Try it → Take the lines from the beginning of the material through the line containing "Virizion V - SWSH295" and retype them exactly, leaving the pictures out.
**** Information shown ****
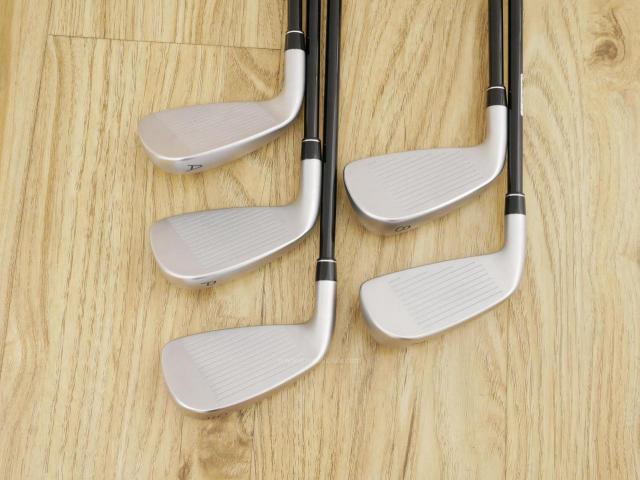 Iron set : PRGR : ชุดเหล็กกระเทย PRGR Super Egg Evolution (รุ่นล่าสุด ออกปี 2024 ตัวท๊อปสุด หน้าเด้งเกินกฏ ใช้แข่งไม่ได้ ตีไกลมากๆ) มีเหล็ก 7-Pw,Aw (5 ชิ้น) ก้านกราไฟต์ Flex R (M-37)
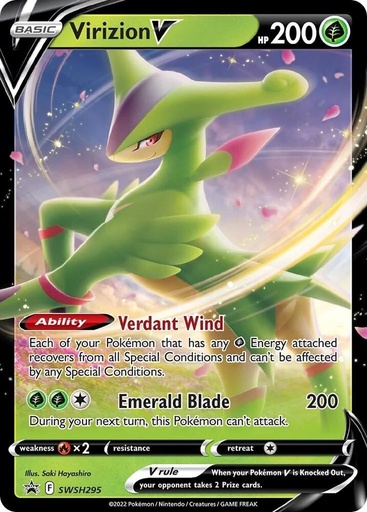 Virizion V - SWSH295 - SWSH: Sword & Shield Promo Cards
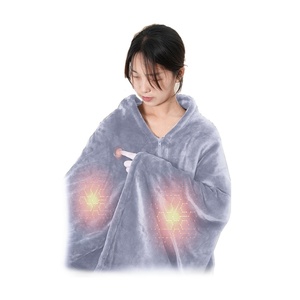 Portable Wearable Electric Blanket Three Speed Temperature Control Graphene Infrared <b>Heat</b> Blanket with Digital Display - Product Image 1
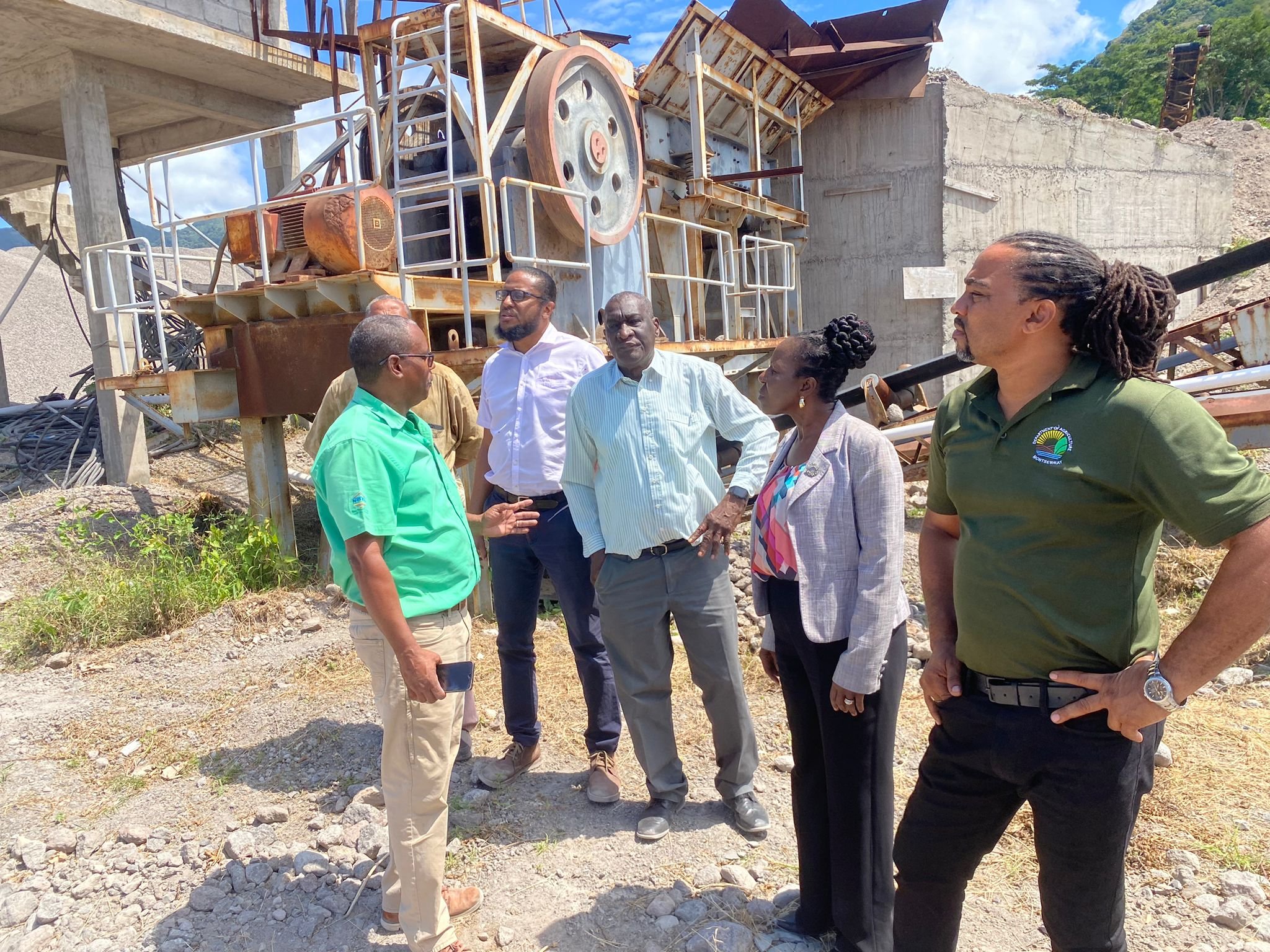 GOVERNMENT OF MONTSERRAT MINISTERS ENGAGE IN A DAY OF FIELD VISITS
****
Exercise solution →
 Iron set : PRGR : ชุดเหล็กกระเทย PRGR Super Egg Evolution (รุ่นล่าสุด ออกปี 2024 ตัวท๊อปสุด หน้าเด้งเกินกฏ ใช้แข่งไม่ได้ ตีไกลมากๆ) มีเหล็ก 7-Pw,Aw (5 ชิ้น) ก้านกราไฟต์ Flex R (M-37)
 Virizion V - SWSH295 - SWSH: Sword & Shield Promo Cards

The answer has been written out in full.